▼

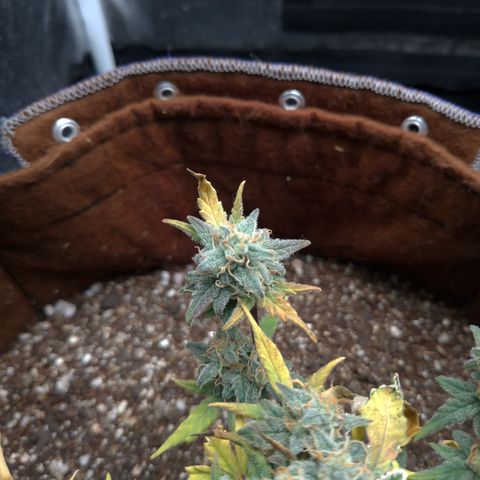 NL#1 growlog timeline photo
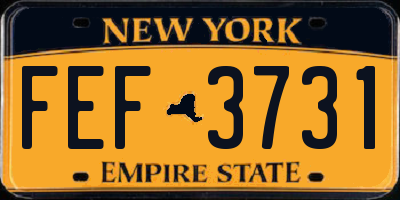 NY license plate FEF3731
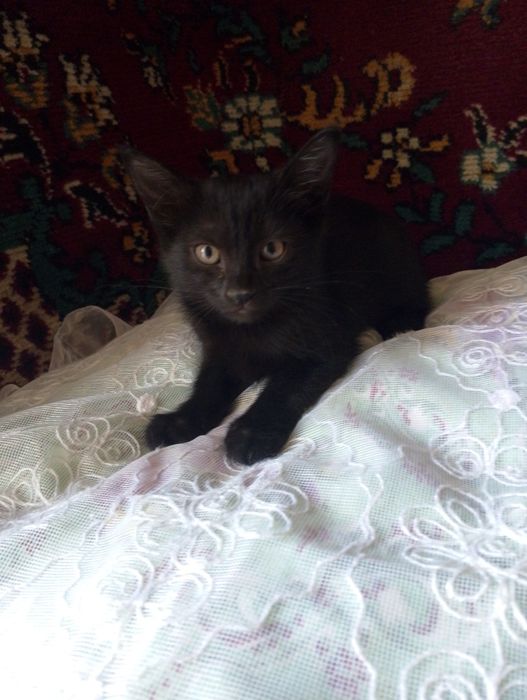 Отдам котят в хорошие руки ,беспатно,им по 2 месяца, 2 мальчика и 2 де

▲

Description of the task>
Every line above should be retyped exactly; the pictures do not belong in the copy.

Output for this exercise>
 NL#1 growlog timeline photo
 NY license plate FEF3731
 Отдам котят в хорошие руки ,беспатно,им по 2 месяца, 2 мальчика и 2 де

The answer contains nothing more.